I recently had the pleasure of speaking at Licensing Executives Society (U.S.A. and Canada), Inc. in Boston. I tried to make the points that the next edge in pharma isn’t a single breakthrough – it’s going to be systems that convert data + compute + partners into repeatable velocity. Eli Lilly and Company’s recent moves are exactly that. They’re building an on-prem NVIDIA Blackwell-class DGX SuperPOD in Indianapolis with 1,000+ GPUs, powered by renewables and targeted online by January. Crucially, this isn’t a lab showpiece. They intend to point it at discovery, clinical-trial design, manufacturing quality, and enterprise analytics. Owning the stack lowers latency where it matters, keeps decades of proprietary data under their control, and reduces exposure to supply and geopolitical shocks. This is how I believe that you can wire an organization for compounding learning, not just cost take-out.

The second piece is TuneLab – Lilly-trained models distributed to selected biotechs to fine-tune locally in a federated setup. Partners like Circle Pharma and insitro keep their data in place and contribute only model updates, while tapping into what Lilly says reflects >$1B of internal data investment under the Catalyze360 umbrella. Functionally, this widens the learning loop without centralizing sensitive datasets, and it turns Lilly’s model family into a living system that improves as the network grows. Whoever at Lilly is stitching this together has caught my eye – it is really blending the art of owning differentiated capabilities and scaling them through partners without bleeding IP. Kudos to whoever is helping drive strategy there.

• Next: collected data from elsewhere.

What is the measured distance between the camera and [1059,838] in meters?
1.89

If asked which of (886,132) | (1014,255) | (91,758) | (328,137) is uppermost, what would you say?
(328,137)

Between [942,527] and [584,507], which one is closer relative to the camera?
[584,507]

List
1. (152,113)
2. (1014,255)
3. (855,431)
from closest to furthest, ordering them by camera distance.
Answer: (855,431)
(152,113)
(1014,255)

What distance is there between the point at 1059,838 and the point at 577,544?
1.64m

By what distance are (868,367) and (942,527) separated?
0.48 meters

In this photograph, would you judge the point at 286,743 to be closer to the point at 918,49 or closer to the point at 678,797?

If they execute, success looks practical and measurable. Here is how I am thinking about it: First, throughput: more design-make-test cycles per quarter and the ability to prosecute tougher targets and modalities. Second, quality at the source: predictive ADMET/tox pushes attrition left, so fewer costly failures surface late; that matters in a world where overall clinical success rates hover in the single digits. Third, clinical execution: smarter inclusion/exclusion, lower screen-failures, and tighter protocols compress timelines – even as trials remain multi-year. Patient-visible wins will ramp later this decade and into the 2030s, but the intermediate gains (earlier go/no-go calls, cleaner trials) should show up much sooner.

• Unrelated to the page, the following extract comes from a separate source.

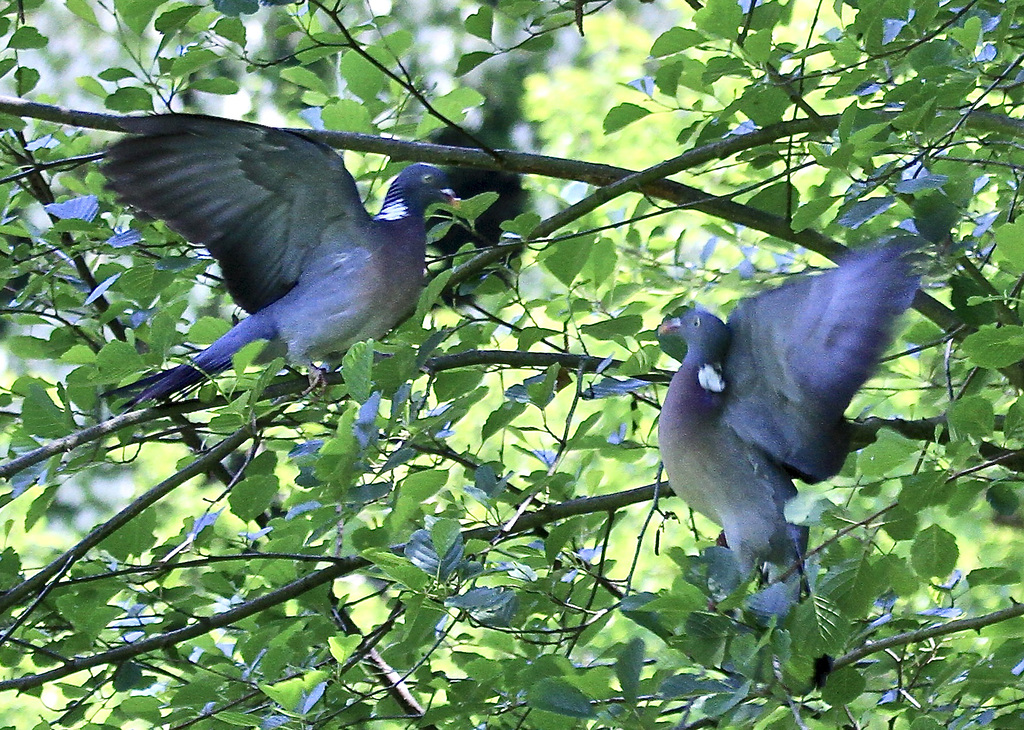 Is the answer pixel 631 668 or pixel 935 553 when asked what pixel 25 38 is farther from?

Now what most do not think about – the ripple effects. Second order (12-24 months): the federated approach creates partner gravity – each local fine-tune improves the foundations without moving raw data – raising switching costs for competitors and making the platform a magnet for the best biotechs. Portfolio discipline improves as earlier kill signals and better priors redirect capital toward higher-quality assets. This also pushes CROs/CDMOs to evolve offerings around AI-native trial design and model ops. And because the R&D stack increasingly matches the FDA’s 2025 NAMs roadmap to reduce animal testing, preclinical packages should become more aligned and review ready.

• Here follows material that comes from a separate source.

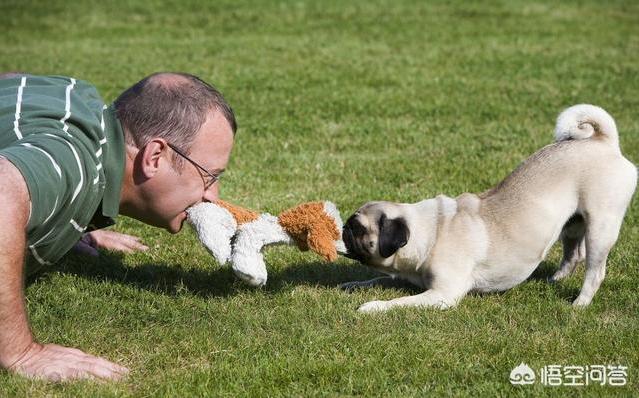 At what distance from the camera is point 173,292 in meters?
5.32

My timeline to remain competitive: in my view, companies have 18-36 months to implement many of these shifts. After that, I’m not convinced catching up is possible. If you are committed to not doing anything or just cost cutting – please sell the company now, for the sake of shareholders. (I am not trying to be negative; it’s how compounding advantages work in practice.) Remember I do not have a horse in this race other than getting older and wanting better therapies :).

Third order (3-5 years): if Lilly compounds learnings quarter after quarter, we could see a winner-take-most tilt: data + governed compute + a federated flywheel form a moat that’s hard to close. Capital flows follow the stack – M&A to acquire federated tooling and AI-ready data assets; valuation premiums accrue to teams that can prove model performance, provenance, and governance. Talent mixes shift toward model engineers, ML-ops, and data stewards who can run audit-ready AI workflows. Beyond R&D, the same infrastructure lifts manufacturing yield and QC and powers more precise commercial execution. In my mind and through the work I have been doing the throughline is simple: this is not a “cute database.” It’s an operating-model change that can supercharge the company. Firms that can execute now will compound; those that don’t risk getting lapped to the point where catching up is no longer possible. My two cents – hope it was helpful and gives you a different lens to look through.